Australian indie pop band

Effigy were an Australian three-piece indie pop/synth band, formed in Perth in 1994. The band originally consisted of Peter Hardman (vocals, guitar, harmonica), and Annie Beckerling (bass), and Jason Stacey (drums). The band signed to US label, Roadrunner Records, one of the label's first Australian signings, and relocated to Melbourne.

The group released their debut self-titled album, Effigy, in 1997, with the track, "I Give In", placing at No. 100 in the Triple J Hottest 100 for 1997.

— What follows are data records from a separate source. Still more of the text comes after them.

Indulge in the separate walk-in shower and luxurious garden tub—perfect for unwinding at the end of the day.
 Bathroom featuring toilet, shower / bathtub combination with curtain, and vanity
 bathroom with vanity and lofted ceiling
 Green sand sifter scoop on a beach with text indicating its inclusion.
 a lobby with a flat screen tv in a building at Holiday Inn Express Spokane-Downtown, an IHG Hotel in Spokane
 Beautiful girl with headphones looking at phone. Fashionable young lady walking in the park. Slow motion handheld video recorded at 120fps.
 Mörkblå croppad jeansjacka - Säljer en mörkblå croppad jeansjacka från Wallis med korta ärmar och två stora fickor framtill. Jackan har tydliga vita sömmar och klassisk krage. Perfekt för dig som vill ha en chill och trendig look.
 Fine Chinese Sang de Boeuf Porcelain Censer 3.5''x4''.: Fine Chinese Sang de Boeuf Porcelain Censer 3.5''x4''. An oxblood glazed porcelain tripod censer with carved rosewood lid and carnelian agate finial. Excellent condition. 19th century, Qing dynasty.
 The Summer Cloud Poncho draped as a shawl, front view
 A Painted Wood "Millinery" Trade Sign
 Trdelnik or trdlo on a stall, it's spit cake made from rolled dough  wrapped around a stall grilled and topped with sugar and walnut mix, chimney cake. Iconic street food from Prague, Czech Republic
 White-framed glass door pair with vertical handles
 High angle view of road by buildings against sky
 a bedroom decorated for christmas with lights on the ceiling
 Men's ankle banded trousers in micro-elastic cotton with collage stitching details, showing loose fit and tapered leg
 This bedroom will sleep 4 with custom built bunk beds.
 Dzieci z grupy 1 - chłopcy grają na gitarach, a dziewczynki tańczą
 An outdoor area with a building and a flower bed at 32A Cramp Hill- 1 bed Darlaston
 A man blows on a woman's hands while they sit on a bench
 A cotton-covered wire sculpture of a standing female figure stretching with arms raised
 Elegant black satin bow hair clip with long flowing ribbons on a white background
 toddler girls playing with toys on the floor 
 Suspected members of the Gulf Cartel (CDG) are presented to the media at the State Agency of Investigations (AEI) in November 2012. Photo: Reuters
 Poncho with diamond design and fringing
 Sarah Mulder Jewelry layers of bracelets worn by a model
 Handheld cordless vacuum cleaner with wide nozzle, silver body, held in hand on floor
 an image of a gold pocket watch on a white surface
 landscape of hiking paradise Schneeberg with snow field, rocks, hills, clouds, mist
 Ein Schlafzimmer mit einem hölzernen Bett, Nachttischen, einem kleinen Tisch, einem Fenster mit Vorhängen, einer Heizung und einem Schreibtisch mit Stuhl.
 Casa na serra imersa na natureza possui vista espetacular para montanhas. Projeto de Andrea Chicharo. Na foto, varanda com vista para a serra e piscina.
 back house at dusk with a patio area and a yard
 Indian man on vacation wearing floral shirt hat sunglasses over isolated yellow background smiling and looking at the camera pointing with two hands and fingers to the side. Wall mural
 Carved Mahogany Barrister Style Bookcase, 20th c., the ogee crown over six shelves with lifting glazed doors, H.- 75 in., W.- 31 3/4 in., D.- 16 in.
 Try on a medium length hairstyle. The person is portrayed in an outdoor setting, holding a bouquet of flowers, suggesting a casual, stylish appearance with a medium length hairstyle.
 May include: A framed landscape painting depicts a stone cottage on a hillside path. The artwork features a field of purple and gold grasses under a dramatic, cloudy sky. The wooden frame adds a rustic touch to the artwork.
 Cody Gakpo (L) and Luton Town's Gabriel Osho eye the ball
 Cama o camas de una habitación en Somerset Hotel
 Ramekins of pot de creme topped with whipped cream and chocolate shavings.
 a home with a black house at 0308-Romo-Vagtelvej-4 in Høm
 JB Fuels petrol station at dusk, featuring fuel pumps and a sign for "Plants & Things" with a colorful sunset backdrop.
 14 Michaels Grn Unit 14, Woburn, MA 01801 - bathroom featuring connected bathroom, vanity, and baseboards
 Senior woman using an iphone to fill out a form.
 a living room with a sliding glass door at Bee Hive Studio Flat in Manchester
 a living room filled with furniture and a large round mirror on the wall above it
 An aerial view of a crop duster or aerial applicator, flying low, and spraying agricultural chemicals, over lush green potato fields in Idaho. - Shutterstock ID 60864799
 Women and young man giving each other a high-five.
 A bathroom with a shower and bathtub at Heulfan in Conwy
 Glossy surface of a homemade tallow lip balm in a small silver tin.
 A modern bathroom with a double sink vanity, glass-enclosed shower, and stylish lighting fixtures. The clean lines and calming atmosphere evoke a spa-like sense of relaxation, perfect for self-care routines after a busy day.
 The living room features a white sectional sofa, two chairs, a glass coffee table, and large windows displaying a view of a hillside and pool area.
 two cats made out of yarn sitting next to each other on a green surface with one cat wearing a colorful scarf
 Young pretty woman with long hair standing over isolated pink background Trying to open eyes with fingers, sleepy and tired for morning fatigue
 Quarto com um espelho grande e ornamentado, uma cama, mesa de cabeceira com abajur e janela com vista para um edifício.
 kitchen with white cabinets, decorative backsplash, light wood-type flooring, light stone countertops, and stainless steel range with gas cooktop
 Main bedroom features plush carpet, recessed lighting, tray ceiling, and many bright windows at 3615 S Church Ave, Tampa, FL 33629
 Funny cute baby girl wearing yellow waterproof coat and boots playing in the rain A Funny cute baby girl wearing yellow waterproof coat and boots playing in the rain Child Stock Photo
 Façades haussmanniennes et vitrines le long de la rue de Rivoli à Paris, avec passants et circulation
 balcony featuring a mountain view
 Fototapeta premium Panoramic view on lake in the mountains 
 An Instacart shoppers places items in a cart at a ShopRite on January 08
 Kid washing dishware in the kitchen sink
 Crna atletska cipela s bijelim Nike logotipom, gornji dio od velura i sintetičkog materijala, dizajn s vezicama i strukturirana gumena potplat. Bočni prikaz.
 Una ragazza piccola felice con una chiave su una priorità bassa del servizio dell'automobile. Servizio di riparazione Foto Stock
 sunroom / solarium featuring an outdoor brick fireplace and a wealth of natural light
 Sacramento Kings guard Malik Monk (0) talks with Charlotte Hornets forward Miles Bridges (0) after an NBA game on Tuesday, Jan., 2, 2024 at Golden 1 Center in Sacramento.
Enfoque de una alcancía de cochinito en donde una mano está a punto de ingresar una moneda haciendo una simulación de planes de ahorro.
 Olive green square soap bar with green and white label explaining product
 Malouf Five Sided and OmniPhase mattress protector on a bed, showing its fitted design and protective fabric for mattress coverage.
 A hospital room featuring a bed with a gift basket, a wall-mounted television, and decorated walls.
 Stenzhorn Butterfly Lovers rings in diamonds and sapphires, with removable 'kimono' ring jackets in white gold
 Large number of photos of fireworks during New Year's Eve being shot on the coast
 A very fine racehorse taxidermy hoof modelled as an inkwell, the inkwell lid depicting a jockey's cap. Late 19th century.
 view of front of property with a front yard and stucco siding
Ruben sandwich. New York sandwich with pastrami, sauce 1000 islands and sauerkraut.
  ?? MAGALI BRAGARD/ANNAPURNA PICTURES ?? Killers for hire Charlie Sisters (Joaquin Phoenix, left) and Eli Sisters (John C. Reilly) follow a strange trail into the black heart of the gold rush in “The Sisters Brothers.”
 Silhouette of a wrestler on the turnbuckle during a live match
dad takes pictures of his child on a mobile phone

Beckerling left the band during the earlier stages of recording their second album and was replaced by Cobina Crawford (ex-Sourpuss). Their second album, Century Collapsing, produced by Kalju Tonuma (The Sharp, Nick Barker, The Mavis's) and Hardman, was released in August 1998 and debuted at No. 68 on the Australian album charts, peaking at No. 65. The first single from the album, "Suspicion Bells", reached No. 90 on the Australian singles chart but the second single, "Caught", failed to chart as successfully, reaching No. 201. They toured nationally in support of The Mavis's and broke up shortly afterwards.

Hardman subsequently moved back to Perth and formed a new version of Effigy as a four-piece, with Rob T (drums), Micheal Boddington (guitar, keyboards) and Peter Twilby (bass).

==Discography==
===Albums===

| Album | Details | Peak chart positions |
AUS
| Effigy | Released: March 1997; Label: Roadrunner Records (RR 8843-2); | 108 |
| Century Collapsing | Released: August 1998; Label: Roadrunner Records (RR 8710-2); | 65 |
"—" denotes releases that did not chart.

===Singles===

Year: Single; Peak chart positions; Album
AUS
1996: "Lovers"; 114; Effigy
1997: "Small"; 148
1998: "Suspicion Bells"; 90; Century Collapsing
"Caught": 201
"—" denotes releases that did not chart.